* [WORK TO BE COMPLETED] Exactly as written, transcribe each line of the listing.

* [DATA]
BEGIN
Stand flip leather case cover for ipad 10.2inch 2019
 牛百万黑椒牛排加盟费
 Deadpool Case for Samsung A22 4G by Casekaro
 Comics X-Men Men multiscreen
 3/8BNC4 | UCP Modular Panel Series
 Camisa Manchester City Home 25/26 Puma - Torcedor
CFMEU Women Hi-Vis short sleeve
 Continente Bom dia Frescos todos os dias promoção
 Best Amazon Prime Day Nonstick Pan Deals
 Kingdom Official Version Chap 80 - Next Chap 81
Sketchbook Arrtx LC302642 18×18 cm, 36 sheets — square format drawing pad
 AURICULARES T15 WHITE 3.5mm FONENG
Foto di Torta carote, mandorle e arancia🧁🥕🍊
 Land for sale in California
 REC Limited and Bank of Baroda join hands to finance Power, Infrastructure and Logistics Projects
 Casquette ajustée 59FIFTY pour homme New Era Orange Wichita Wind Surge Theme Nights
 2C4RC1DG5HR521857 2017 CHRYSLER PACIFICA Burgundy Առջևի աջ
END
* [RESULT OF THE TASK]
Stand flip leather case cover for ipad 10.2inch 2019
 牛百万黑椒牛排加盟费
 Deadpool Case for Samsung A22 4G by Casekaro
 Comics X-Men Men multiscreen
 3/8BNC4 | UCP Modular Panel Series
 Camisa Manchester City Home 25/26 Puma - Torcedor
CFMEU Women Hi-Vis short sleeve
 Continente Bom dia Frescos todos os dias promoção
 Best Amazon Prime Day Nonstick Pan Deals
 Kingdom Official Version Chap 80 - Next Chap 81
Sketchbook Arrtx LC302642 18×18 cm, 36 sheets — square format drawing pad
 AURICULARES T15 WHITE 3.5mm FONENG
Foto di Torta carote, mandorle e arancia🧁🥕🍊
 Land for sale in California
 REC Limited and Bank of Baroda join hands to finance Power, Infrastructure and Logistics Projects
 Casquette ajustée 59FIFTY pour homme New Era Orange Wichita Wind Surge Theme Nights
 2C4RC1DG5HR521857 2017 CHRYSLER PACIFICA Burgundy Առջևի աջ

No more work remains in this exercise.